Fuente: La Verdad
Agreden a un forestal al ir a denunciar una quema ilegal en un polígono de Roldán
El Agente Medioambiental fue golpeado por un grupo de personas al tratar de fotografiar la infracción y pedirles que se identificaran
Los hechos, según pudo saber 'La Verdad', ocurrieron en torno a las 11.30 horas, cuando este agente forestal, que realizaba su vigilancia habitual en esa pedanía de Torre Pacheco, se percató del humo que salía de un polígono industrial. Al acercarse a la zona observó a un grupo de personas que estaban realizando una quema aparentemente ilegal de enseres y les advirtió de que su conducta estaba fuera de la ley. Supuestamente, cuando el agente sacó una cámara fotográfica para tomar imágenes de la infracción y les pidió que se identificasen, los autores de la quema se abalanzaron sobre él y le propinaron diversos golpes.
La Consejería condenó ayer estos hechos que, señaló, «son aislados y se producen de manera puntual». Remarcó su «total respaldo a la actuación del agente agredido que, como el resto de agentes medioambientales de la Región, realiza una magnífica e importante labor de salvaguarda de nuestra riqueza y patrimonio natural, de prevención de incendios y de protección medioambiental». La Consejería confía en que «la acción de la justicia corrija este tipo de comportamientos reprobables que no deben volver a producirse».
La Consejería remarca que los hechos «son aislados y se producen de manera puntual»
Exigen llevar armas
La seguridad de estos agentes volvió ayer a situarse en el candelero después de que el pasado enero un cazador sin licencia matase a dos agentes forestales en la comarca del Segrià, en Lérida. Iban desarmados, como la gran mayoría de los 6.000 agentes forestales o medioambientales que patrullan los montes y campos de toda España.
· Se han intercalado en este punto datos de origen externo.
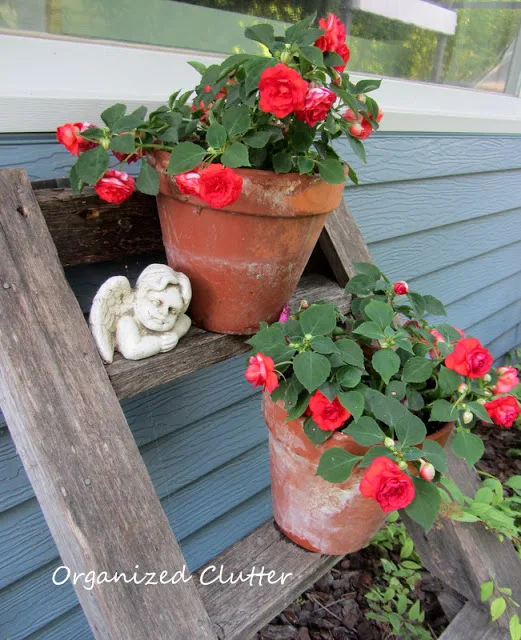 Rustic Ladders in the Junk Garden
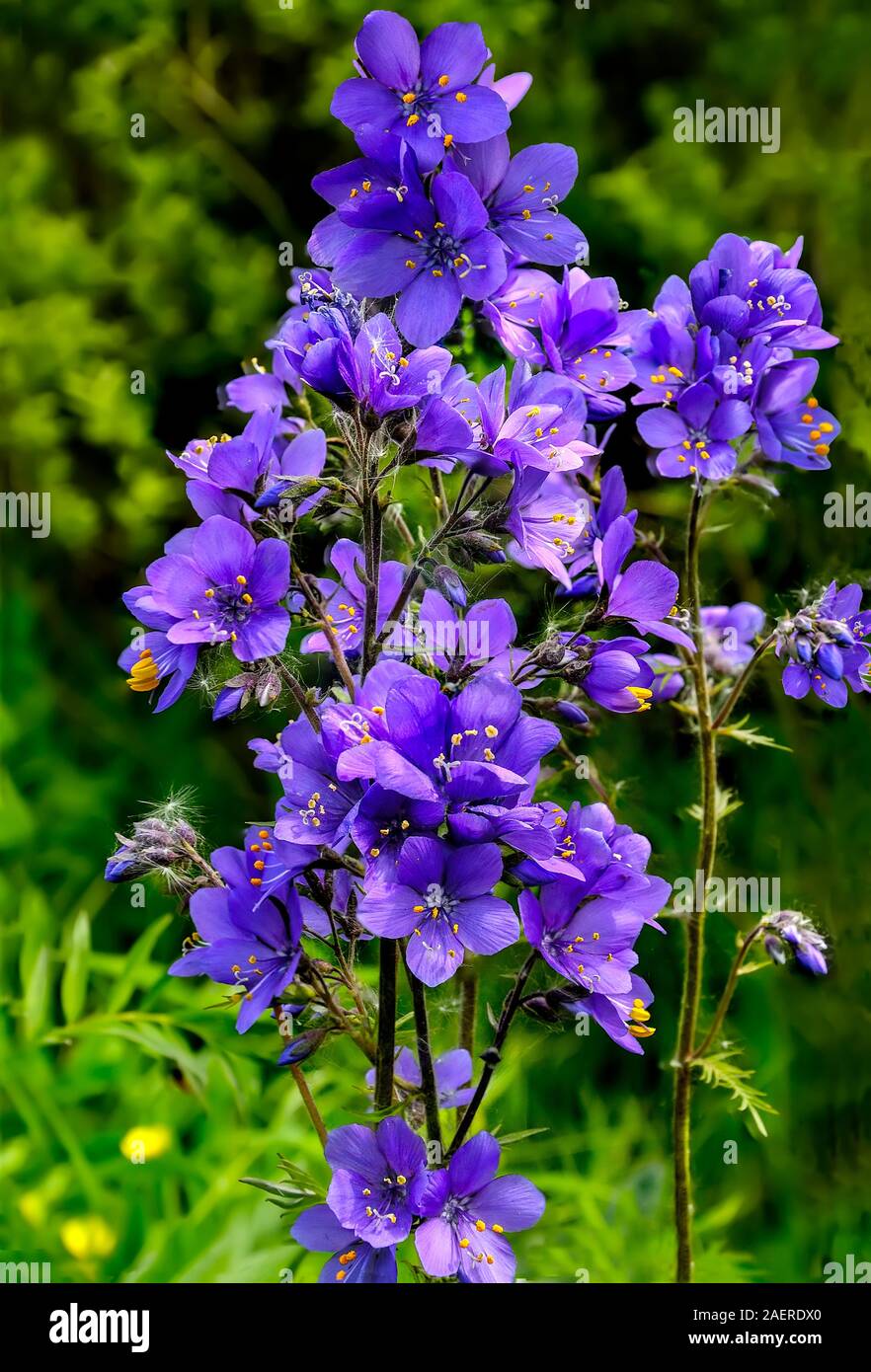 Jacob's Ladder or Greek valerian (Polemonium caeruleum) - medicinal herb, wild blue flowers in forest close up. Therapeutic effect of this plant is 8- Stock Photo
Tras el suceso, muchas de las asociaciones y colectivos profesionales de los agentes, también aquí en la Región, volvieron a reclamar que se arme a todos los funcionarios desplegados. Esta es una reivindicación histórica del colectivo. Sin embargo, el Gobierno lo ve inviable. Y no por una cuestión legal -porque en realidad sí que pueden ir armados durante el servicio-, sino por un problema logístico: la falta de armeros en los montes, ya que no pueden portar pistolas, carabinas o escopetas cuando no están en horas de trabajo.